Around the world, record-breaking heatwaves, flash floods, hurricanes, wildfires and other extreme weather events have become more frequent and destructive, causing catastrophic harm to public health and local healthcare delivery. Across the US, Canada, Brazil, Spain, Greece, Libya, Pakistan, China — and many more countries — hundreds of hospitals have been destroyed or shut down, and many thousands of hospital patients forced to evacuate their hospital beds from fossil fueled weather extremes.
This is also a fundamental issue of health justice. The impacts of fossil fuels are suffered disproportionately by vulnerable communities across the global South – those least responsible for global fossil fuel emissions – and by healthcare systems in marginalized regions with the fewest resources to mitigate and recover: 300 hospitals were destroyed in Mozambique and Malawi in 2023 due to Hurricane Freddy – one of the most destructive tropical storms ever.
1 in 12 hospitals worldwide are at risk of total or partial shutdown from extreme weather events without a rapid phase out of fossil fuels.
Even on strictly economic terms, climate change adds tremendous burdens to local hospitals: One private US health system alone (HCA) suffered a $300 million loss in operating revenue from Hurricane Helene in 2024; the full costs to the US healthcare system from climate-change and fossil fuel pollution are estimated at $800 billion per year.
Climate change damages the healthcare grid, diminishing the health sector’s capacity to deliver basic patient care: The US suffered a national IV fluid shortage in both 2024 and 2017 when Hurricanes Maria and Helene destroyed major medical supply factories in Puerto Rico and North Carolina. Studies predict that without a rapid phase-out of fossil fuels, climate change will threaten the national blood supply chain.

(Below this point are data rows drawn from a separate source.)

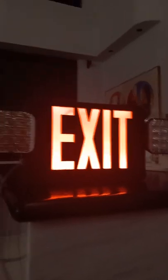That's my review of this exit sign combo. Please comment and subscribe. Have a nice day, bye-bye.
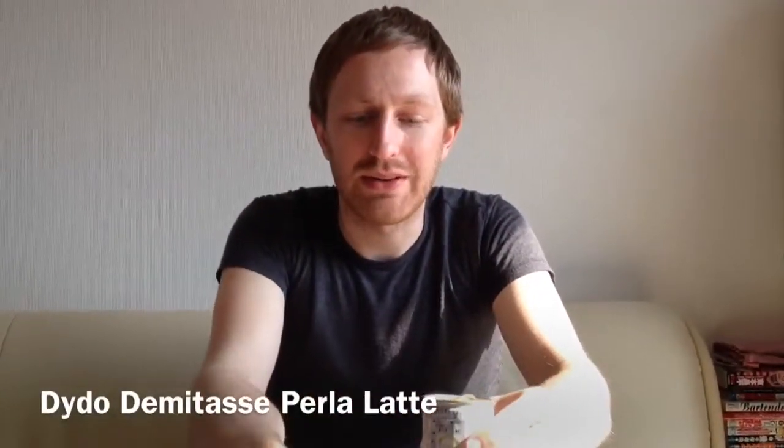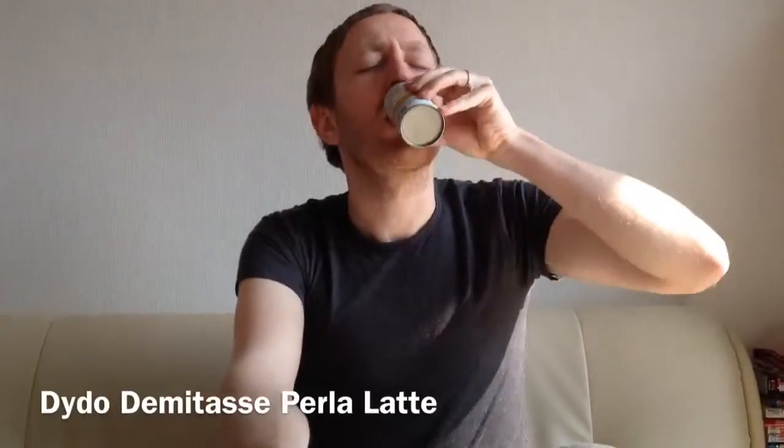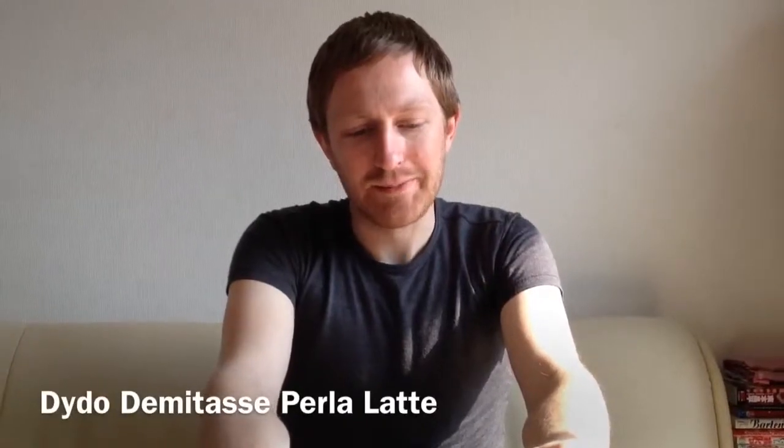Yeah, this is also really creamy, just like the Boss White Depresso, except it's a little sweeter. Yeah, it's actually pretty good.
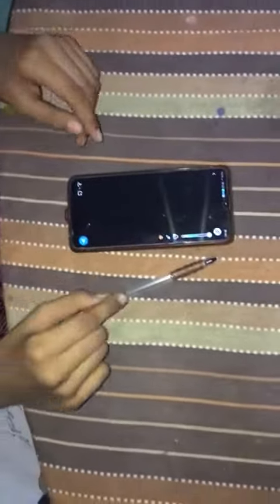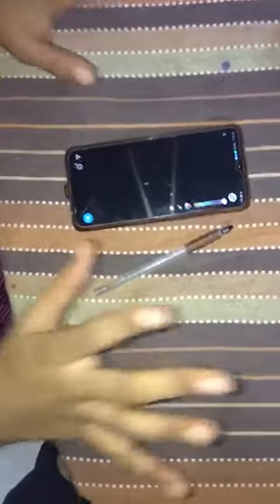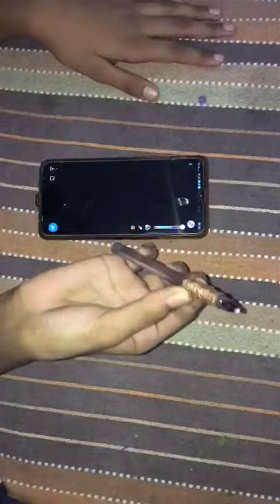These mobile pens — styluses that come with phones — are actually too expensive. If you try to buy a single pen for your phone, it might cost above a hundred rupees minimum. And if you buy a phone with a pen, the minimum amount is ten thousand rupees. But I have made this pen for only five rupees.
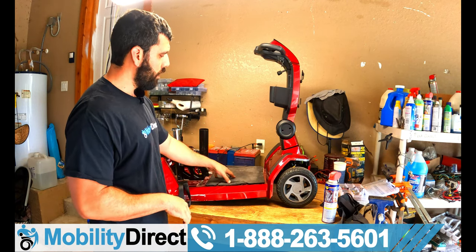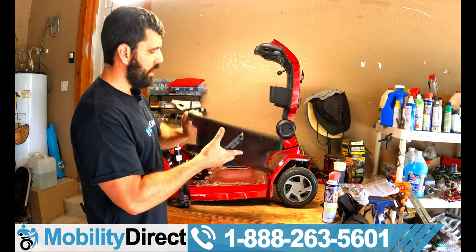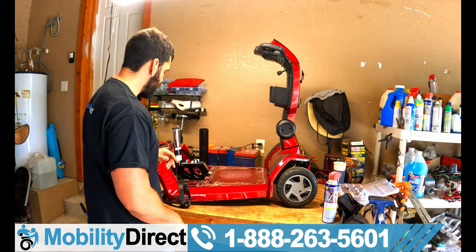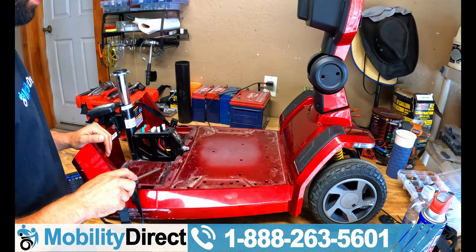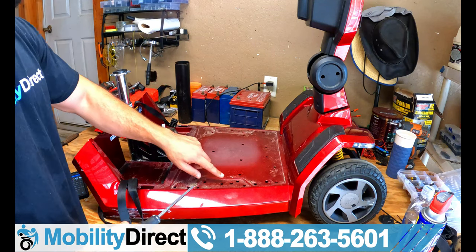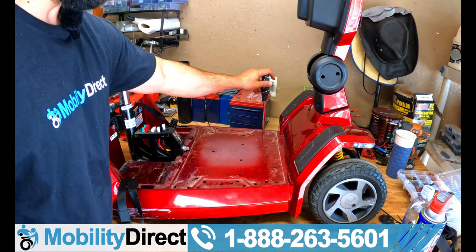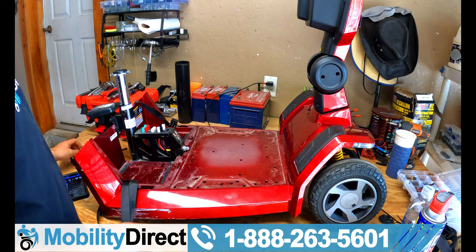Peel back these little rubber mats first — they pop out, just takes a little strength. Then you need to take out a total of 10 screws with a Phillips head screwdriver. The first three screws are on the right side battery compartment, then three on the left side battery compartment, plus four more for a total of 10. I've already loosened them. Once all 10 are out, you can begin to lift out the plate. Make sure your battery strap is completely loose before lifting.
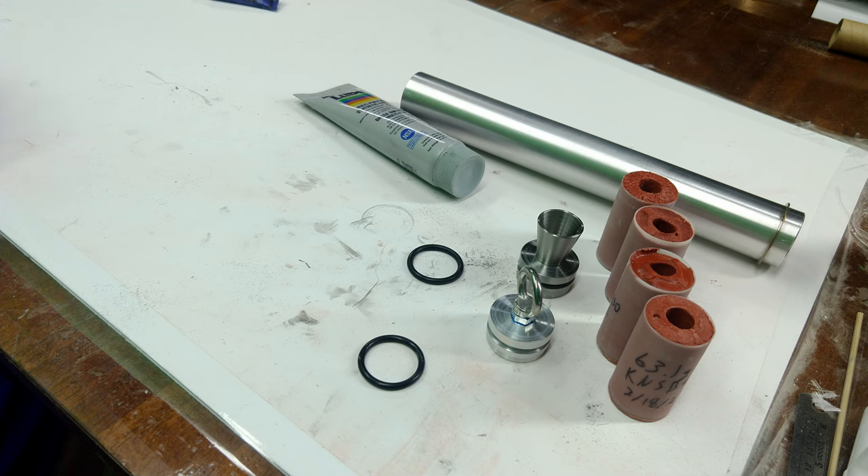Here we have a nice shot of our four grains with the hardware we created in this series. That's all for this video. In the next video of this series I'll demonstrate how to assemble the motor and we'll test fire it — hopefully it won't be so long next time.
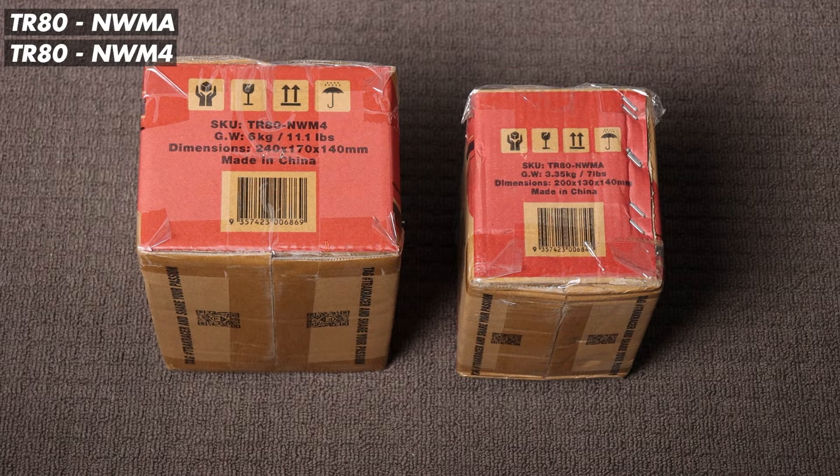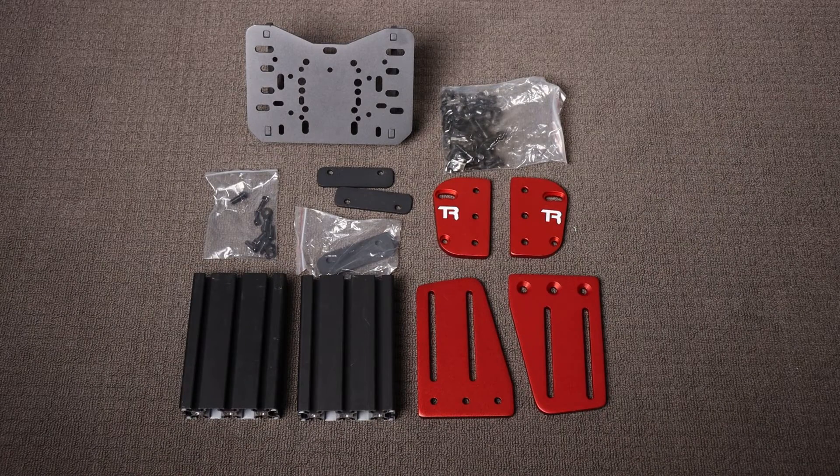These are the boxes and box numbers you're going to need for the wheel mount option 3. Let's open these boxes up, lay them all out, and see what we have. Here's everything we need to put together our wheel deck.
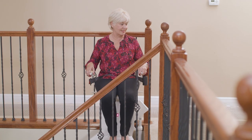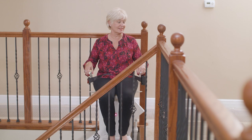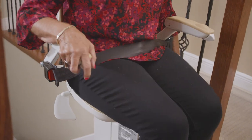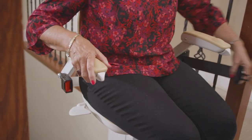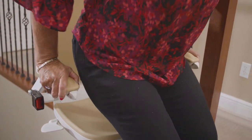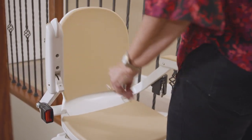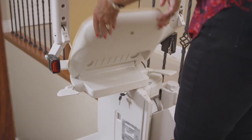The stairlift will automatically slow down and stop when it reaches the end of its travel. To swivel the seat, hold down one of the seat paddles and rotate the seat. Release the paddle and keep rotating until it locks into position partly or fully around. It is now safe to undo the seat belt and leave the stairlift. You may at this point swivel the seat back into its locked position and fold the footrest, arms, and seat up.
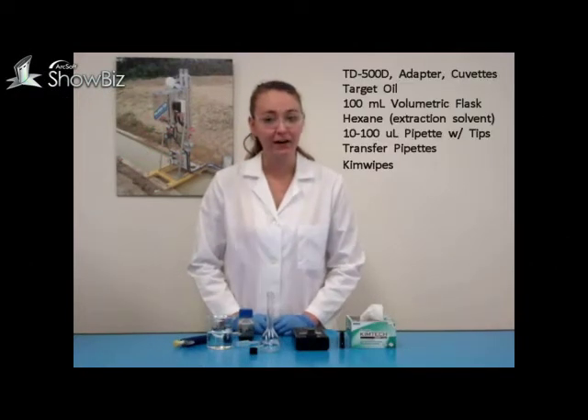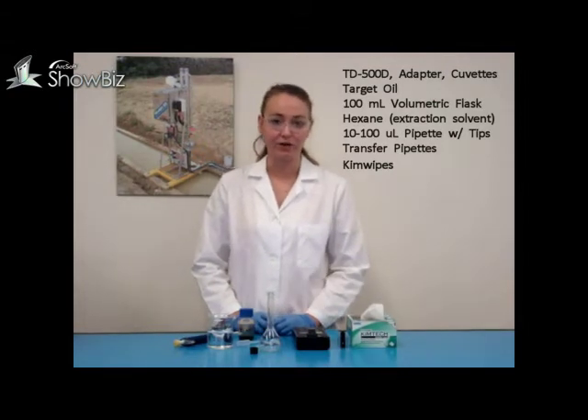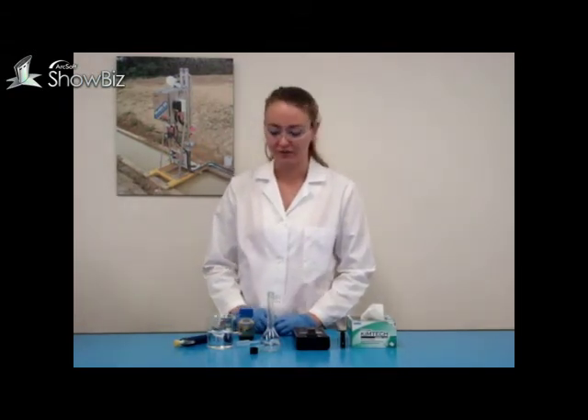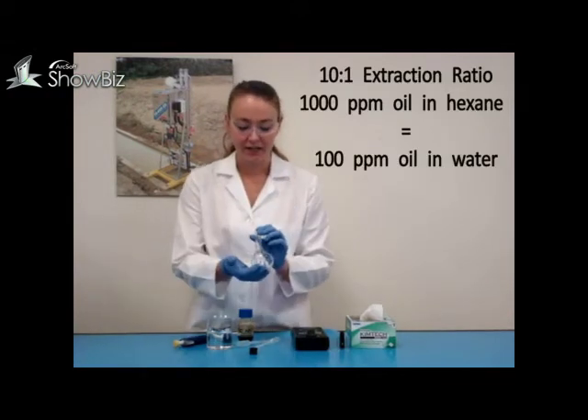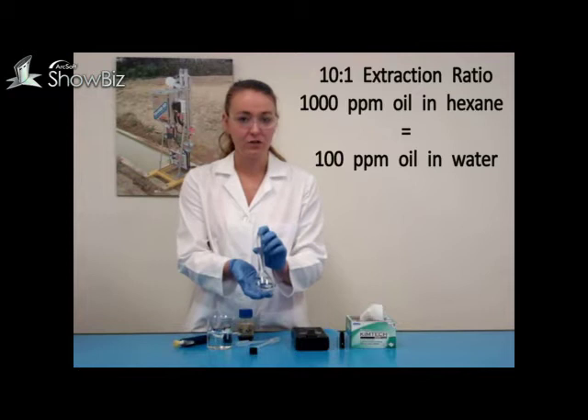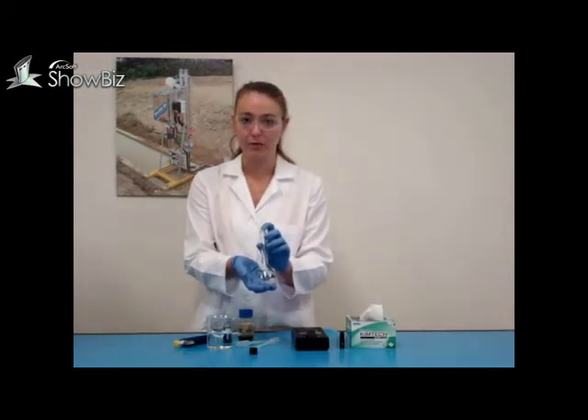Hello, today we will be preparing calibration solutions for the CD500D oil and water monitor using solvent extraction. You will need to prepare a calibration standard solution. We will be preparing 1000 ppm oil in hexane, which is equal to 100 ppm oil and water.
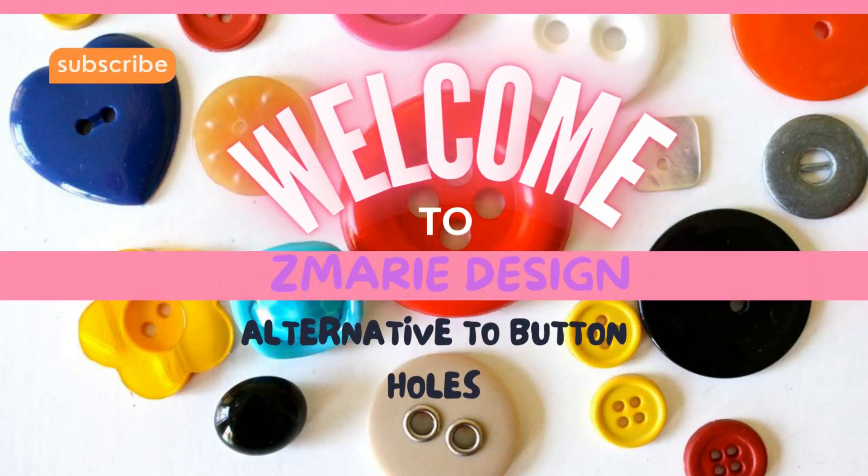Hello, welcome to Zemarie Design. Let me show you an alternative to buttonholes. So let's get started.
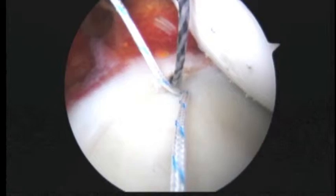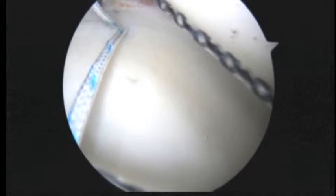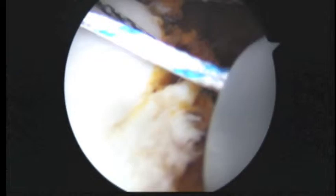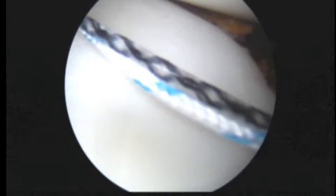Now the next step is just to retrieve the super shuttle. We'll reach in and get it right over here. Outside your shoulder, we will load that.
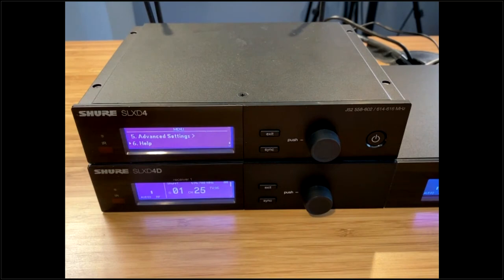That's the SLXD overview. A lot of information in a quick run-through. Jim, were there any questions? Yes — a generic one: can you explain the differences between VHF, UHF, and 2.4 GHz?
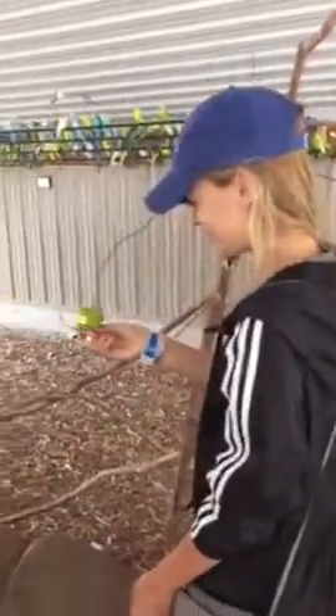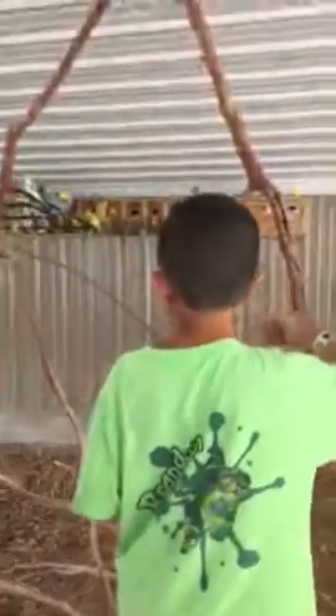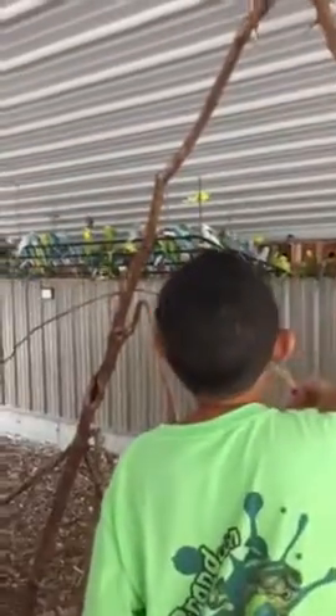This is animal training 101 right here. We're about to get a lot of parakeets on this stick — you just stick the stick out and they come right on. On to the next adventure, see you guys on the next video!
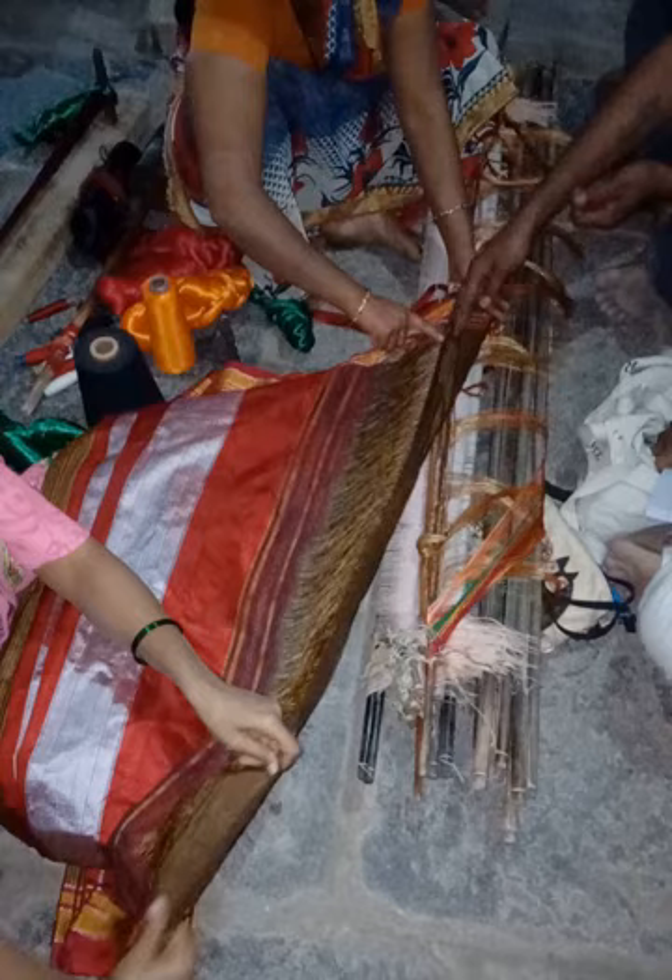The peculiar characteristic of the sari is joining the body warp with the palu warp, which is locally called taupe teni. This technique is used exclusively at Ilkhal. If anyone requires an Ilkhal sari, one must prepare a warp for every sari. Warp threads for the body are prepared separately. Similarly, palu warp is prepared separately, either with art silk or pure silk depending upon the quality required. Thirdly, the border portion of warp is prepared like the palu warp, either art silk or pure silk, and the color used for palu and border will be one and the same.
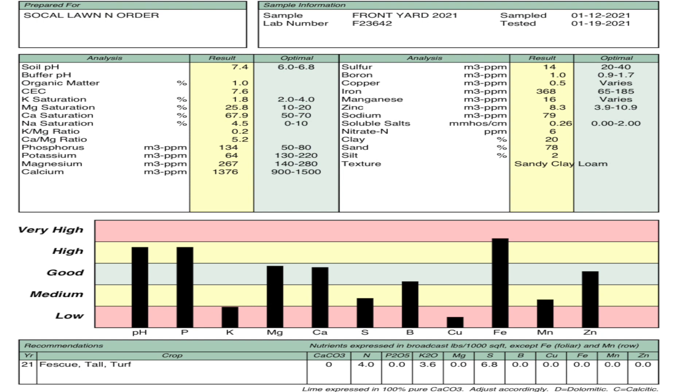All right, so here's my sample report back from Spectrum Analytic. The first thing you can see at the top line is my pH was 7.4. Since I know right off the bat that my pH is high and on the alkaline side, that is the only thing I'm going to address at the current moment. I have to make sure the pH is right, or else any other amendments will be useless.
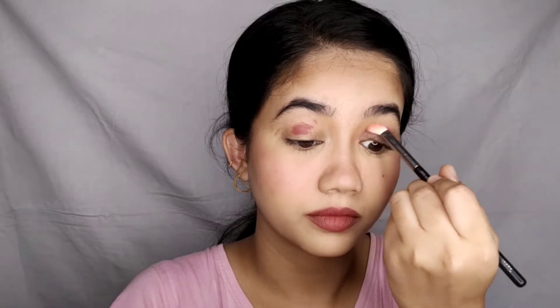Now I am using the same product on my eyes. I first tried this lipstick on my lips, and after that as an eyeshadow. It blended so beautifully on my eyes — I swear.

This, in addition to the wide range of severe health impacts from exposure to toxic fossil fuel pollution: cancers, cardiovascular disease, respiratory emergencies, neurodevelopment disorders, maternal complications, and more (see Health Library). Children across the global South are particularly vulnerable: 1 in 3 children in Delhi currently develop asthma due to fossil fuel PM2 exposure.
The World Health Organization calls climate change “the greatest global health threat facing the world.” Indeed – extreme heatwaves now kill hundreds of thousands of people every year; Harvard researchers found that approximately 1 in 5 preventable deaths worldwide is attributed to to fossil fuel air pollution.
It’s why the the American Medical Association, the British Medical Association, the Canadian Medical Association and the National Academy of Medicine have all committed to fossil fuel divestment. It’s why hundreds of healthcare organizations have endorsed a proposed international fossil fuel non-proliferation treaty.
Yet – major healthcare systems across the United States actively contradict the global movement to phase out fossil fuels and continue to invest $Billions directly in the largest fossil fuel producers on Earth.
We note the US health sector’s high-profile ‘decarbonization‘ efforts, which have focused exclusively on day-to-day clinical operations – nurses turning off computers at night, recycling surgical supplies, changing anesthesia gasses, introducing “Meatless Mondays” etc. while ignoring the sector’s concurrent, massive investments into root-cause fossil fuels on the front end. We consider this a major ‘greenwashing’ by the sector’s leadership, with profoundly detrimental consequences to global health.
It’s like a doctor providing chemotherapy for a patient -while giving them cigarettes.
Fossil fuel investments enable massive new fossil fuel expansion, providing the finance necessary for oil producers to develop huge infrastructure – pipelines, Arctic drilling, deep-sea platforms, LNG terminals – locking in additional GHG emissions into the future – a direct contraindication to the 2021 “Call to Action” for health sector decarbonization issued by Dr. Victor Dzau, the President of the National Academy of Medicine.
There is ample precedent for fossil fuel divestment: Healthcare institutions divested from tobacco in decades past. And, today, 1600 global institutions from all economic sectors have fossil fuel divestment commitments.
This is the era of climate change – and it’s time healthcare divest from fossil fuels.